Stadion Gelora Sriwijaya (juga disebut Stadion Jakabaring) adalah stadion multifungsi terbesar ketiga di Indonesia setelah Stadion Utama Gelora Bung Karno dan Stadion Utama Palaran. Berlokasi di Palembang, stadion ini juga diakui sebagai salah satu stadion terbaik yang bertaraf internasional. Kebanyakan, stadion ini difungsikan untuk tempat penyelenggaraan pertandingan-pertandingan sepak bola. Stadion dengan luas lahan sekitar 40 hektar ini dapat memuat hingga 36.000 - 40.000 orang dengan 4 tribun (A, B, C dan D) bertingkat mengelilingi lapangan. Tribun utama di sisi barat dan timur (A dan B) dilindungi atap yang ditopang 2 pelengkung (arch) baja berukuran raksasa. Bentuk atap stadion merupakan simbol kejayaan kemaharajaan Sriwijaya di bidang maritim yang dilambangkan oleh bentuk perahu dengan layar terkembang. Stadion ini beralamat di Jalan Gubernur H. A. Bastari, Jakabaring, Palembang.

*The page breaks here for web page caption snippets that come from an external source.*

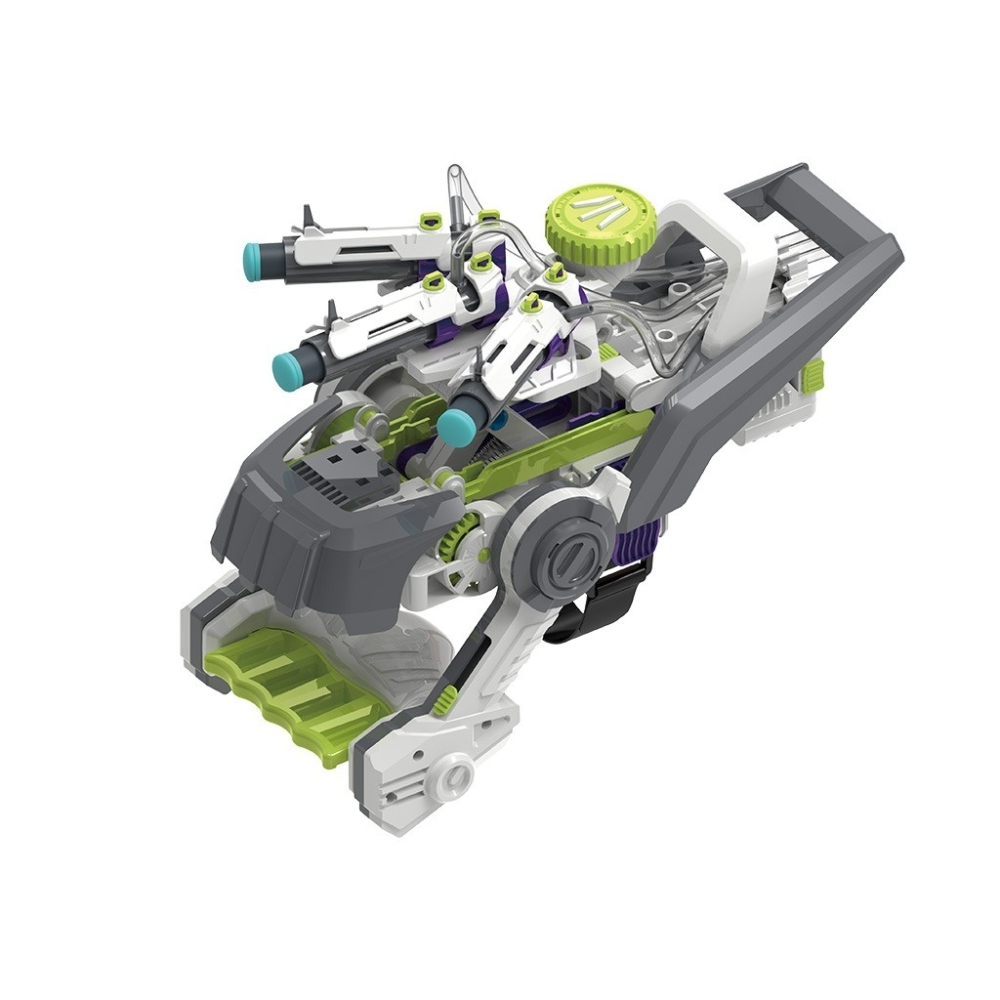 Kit STEM Manusa robotica, Genius Toy Baiat, varsta +9 ani, 6 - 9 ani [4]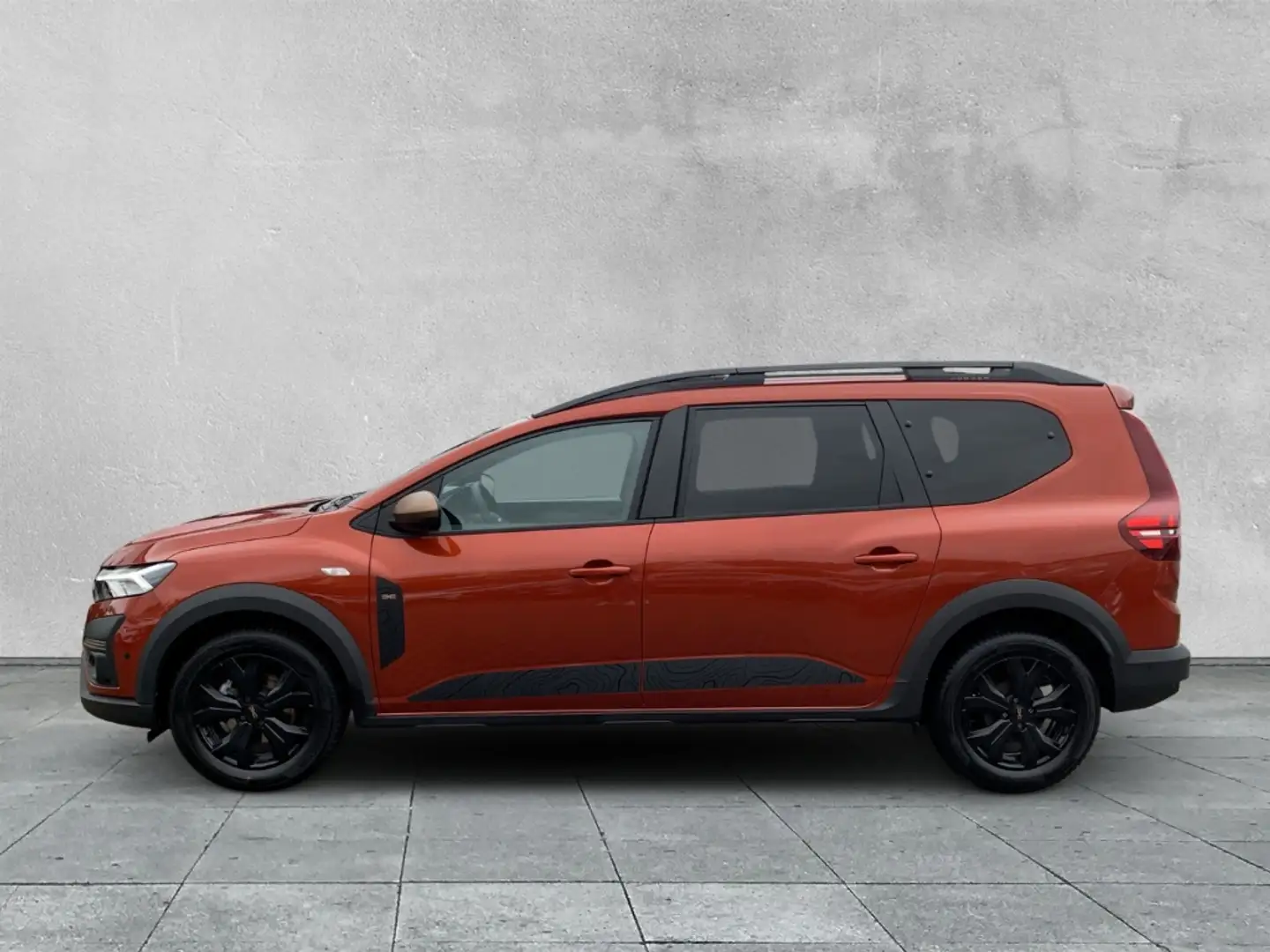 Dacia Jogger Extreme+ TCe 110 7-Sitzer NAVI+LED+SHZ Braun - 2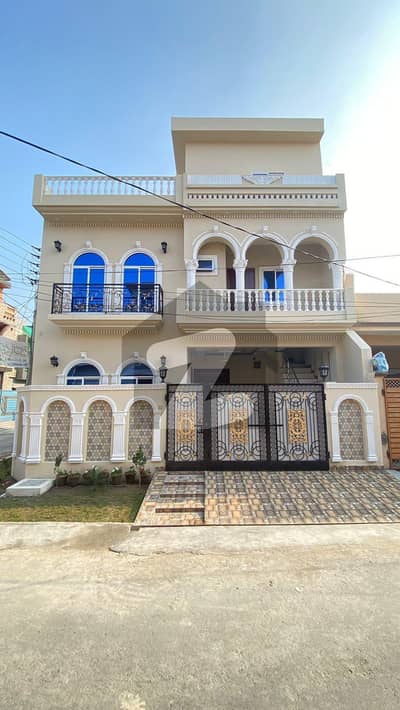 6 Marla Corner House For Sale In Bismillah Housing Scheme Phase 1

Tepian danau buatan di area stadion Bumi Sriwijaya Jakabaring
Pelataran depan stadion
Foto candid
Candid yang memang bener tidak disengaja
Sepertinya aku memang mencintai area ini karena rumput hijaunya
Stadion Gelora Bumi Sriwijaya. Gaya senam terbaru versi Acep dan sayapun ikut aja yah...

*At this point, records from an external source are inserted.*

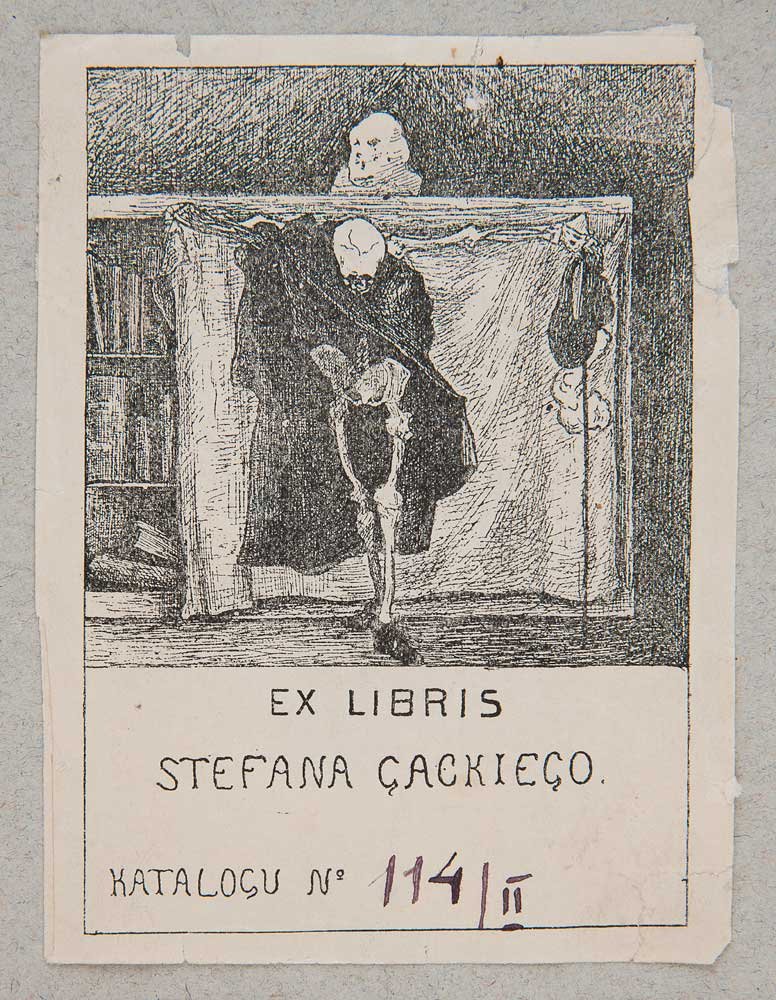 Ekslibrisy młodopolskie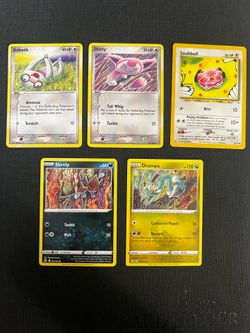 Pokemon - Tomokazu Komiya - 10 Card Lot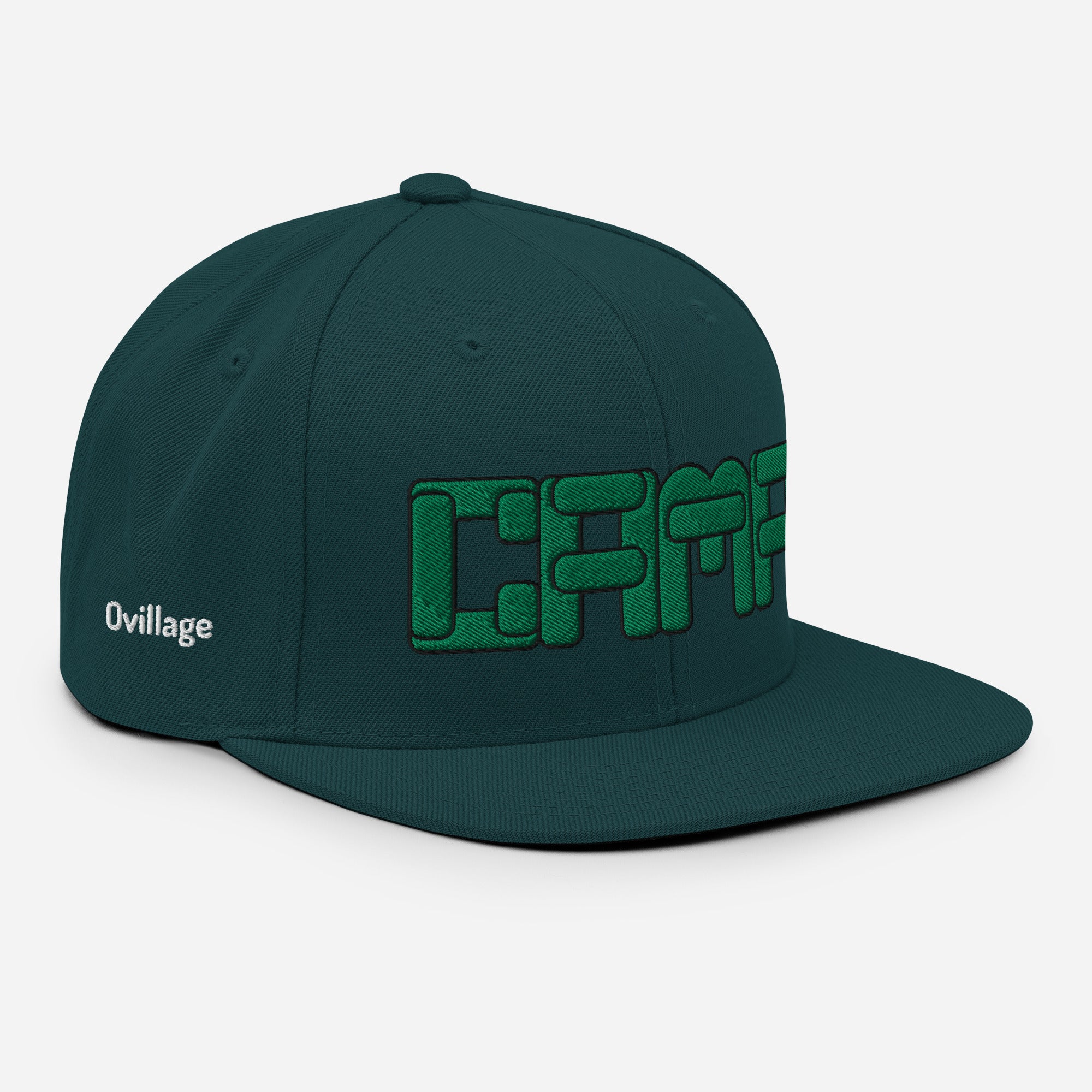 Snapback Cap [CAMP] green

Candid mode on...saya tak merasa di foto oleh Acep pas di bluetooth hasilnya sukaaa
Selfie dulu sebelum memutuskan pulang dan cari makan

Tetapi saat kami masuk ke area bagian yang ada danau buatan pemandangan di area itu sedang tidak indah, karena sedang dalam tahap pembangunan beberapa fasilitas untuk persiapan Asian Games 2018. Gundukan tanah becek, pagar-pagar seng pembatas, dan alat-alat berat yang terparkir disana. Akhirnya kami just sight seeing saja. Selanjutnya kami menuju area pelataran stadion yang memiliki ciri khas lantainya berwarna hijau merah kuning pokoknya colorfull, dan saat itu tidak lagi colorfull. Warnanya sudah pudar. Tidak banyak orang di sana. Kami turun dan ambil beberapa foto sebentar trus cap cus cari makan. Perut sudah perih.

Rada ribet dan sulit cari makan nih, entahlah sudah cukup siang begitu (jam sebelas lewat) tapi resto atau tempat makan masih pada tutup, mungkin karena sisa hujan semalam bahkan pagi itu masih sedikit gerimis. Dan setelah muter-muter akhirnya kita terdampar di Braserie PTC, menu favorite kami yang sudah terlalu sering dipesan yaitu Gurame asam manis, Tahu Braserie, Cah Kailan bawang putih, Yah...cukup segitu perjalanan hari ini, lain kali masih mau explore Palembang lagi. Masih banyak Icon yang belum diabadikan Masjid Agung, Pulo Kemaro dsb.